● **EXERCISE**: For the material below, output exactly the span from the line with "Batidora Taurus Robot" to the line with "La revancha también", including both, and nothing besides.

● **DATA SECTION**:

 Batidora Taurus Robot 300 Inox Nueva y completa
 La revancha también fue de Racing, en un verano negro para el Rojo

...

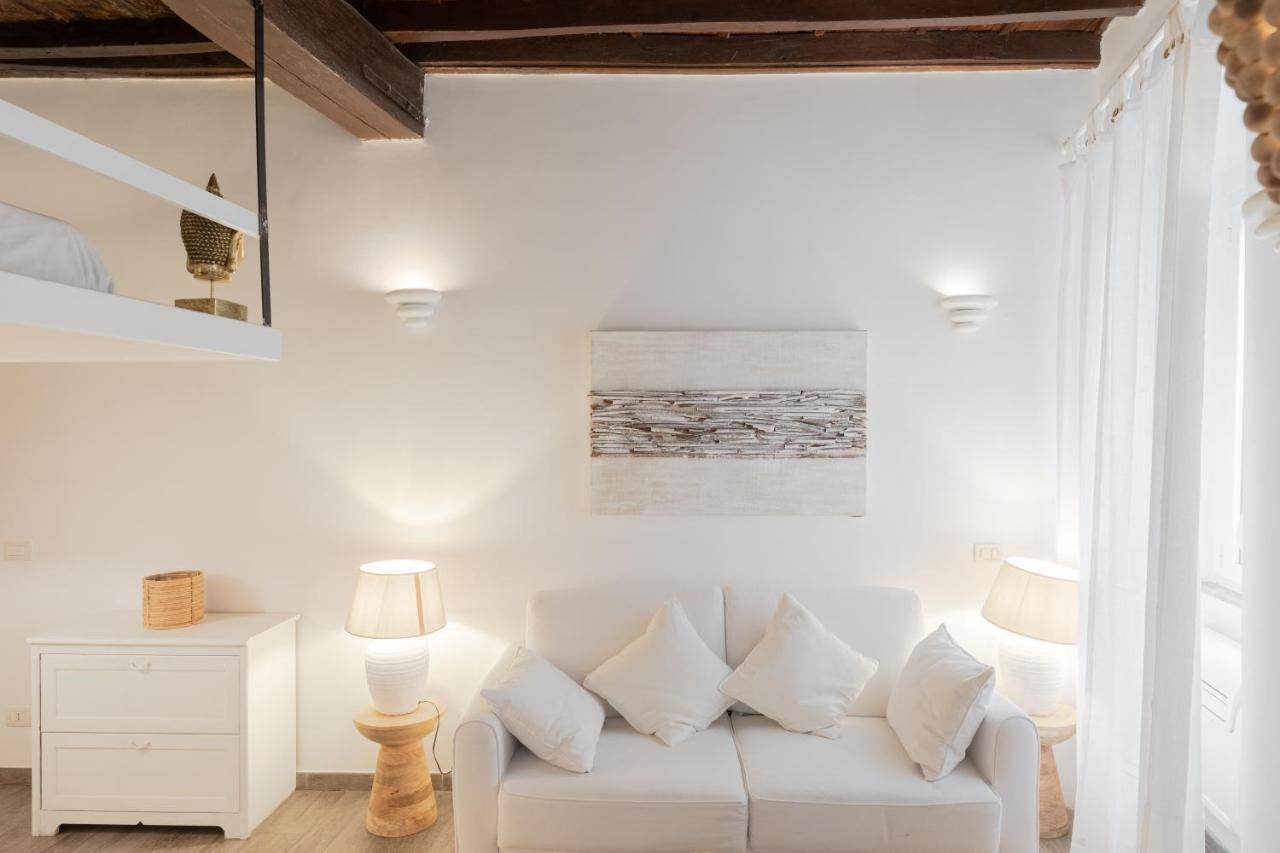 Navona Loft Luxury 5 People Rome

● **ANSWER TO THE EXERCISE**:
 Batidora Taurus Robot 300 Inox Nueva y completa
 La revancha también fue de Racing, en un verano negro para el Rojo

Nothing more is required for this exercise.